As some of you may know, I'm (trying) to build my own lathe. Size is approximately  the same as the LMS 6500 or the M1111 (roughly an SX2.7)

I have the motors and most of the electronics as well as the LMS column and the M1111 table. will send photos and specs as a follow-up.

What I am struggling with is how (and where) to but the base together. Initially I thought I'd use the LMS base but decided against that because I would like some extra travel for the table that is a little larger than the LMS one. The thought now is to use a 10" x 22" steel plate about 1/2 to 1" thick and have that sandblasted or similar. Weld or bolt two 10mm x 1" x 20" steel bars onto that and have those precision machined to accommodate the linear rails that I plan on using. Attached is a working wooden model of the concept.
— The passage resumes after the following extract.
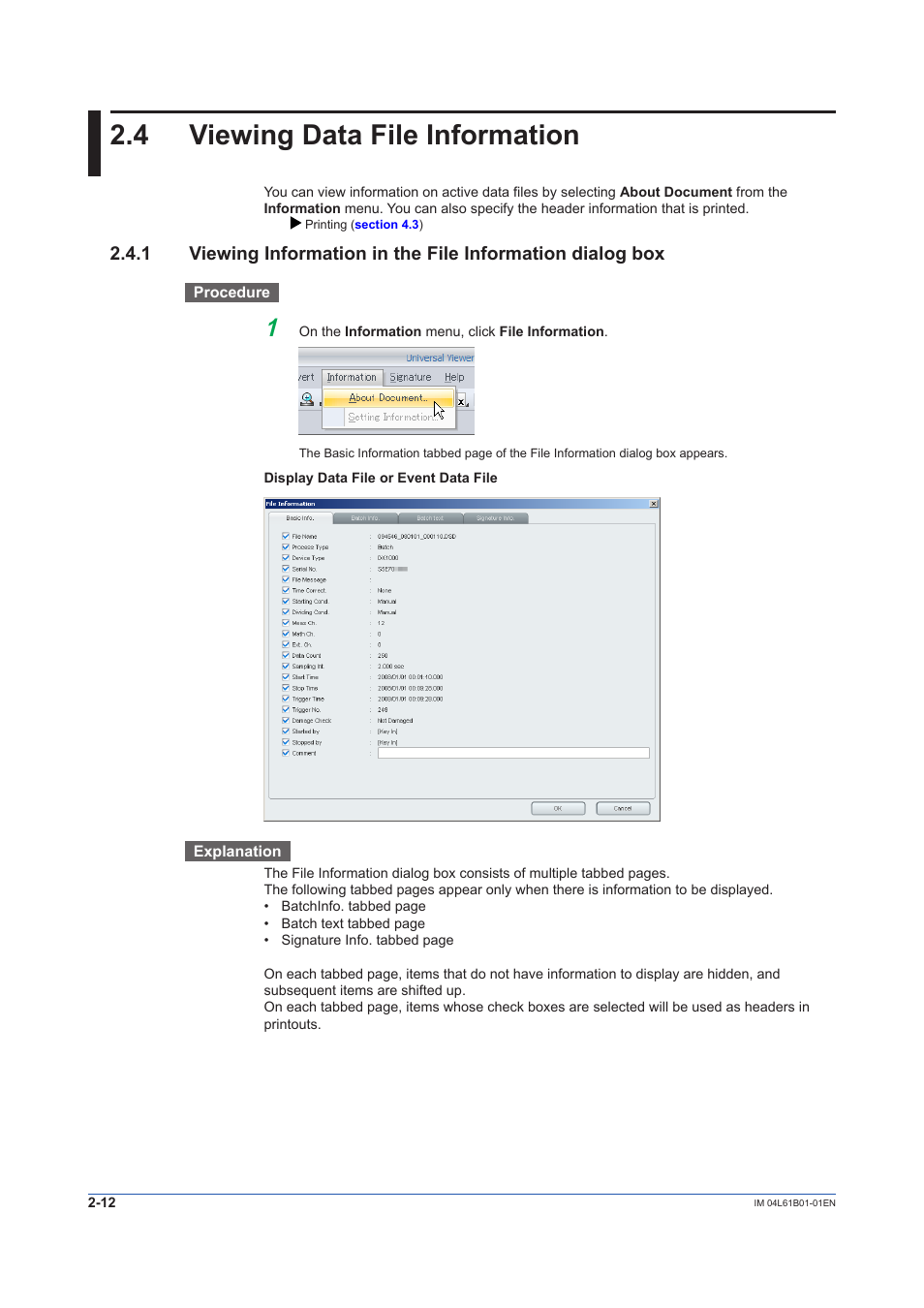 4 viewing data file information, Viewing data file information -12 | Yokogawa Touch Screen GP20 User Manual | Page 28 / 98
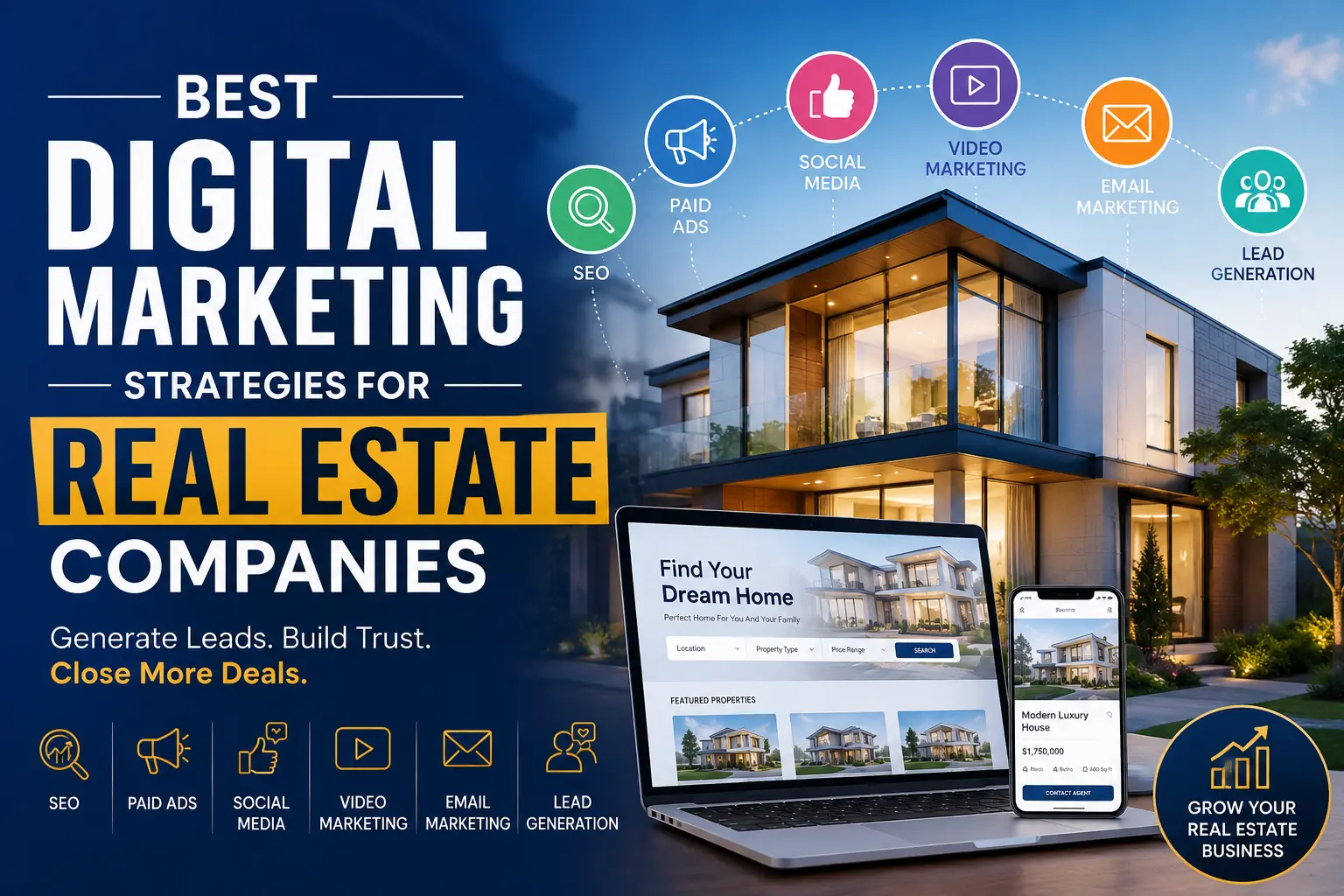 Read more about the article Best Digital Marketing Strategies for Real Estate Companies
I'll send more pictures once I figure out how to reduce the size.

Any suggestions and or warnings on this approach welcome.

Would also appreciate suggestions as to which machine shop in the Peel, Halton or Hamilton area would be a potential manufacturer as I don't have a mill or a welder.


----------



## Manfred (Oct 26, 2022)

Sorry, that should have been "mill" instead of "lathe". I have a functional EMCO Compact 5.


----------



## Degen (Oct 26, 2022)

Drop me a PM.


----------



## Darren (Oct 26, 2022)

I started out building a small mill based on an Emco Maximat Compact (MQ3100) mill head and column.  I haven't quite finished it yet, due to stuff being stuck at the border. I bought a nice BP clone shortly after I started.

I could have bought 2 BP style mills for what I spent on parts and pieces. I now have more projects because of it. I will be posting some pics in a week or two when I finally assemble it.

I bought a RF40 mill missing the head, but there isn't a clean way of mounting the Emco column to the RF40 base. I'll probably find a head to put on it and sell it eventually. I also bought a CNC X-Y table with linear rails and ballscrews that I won't be using.  Its been an adventure..


----------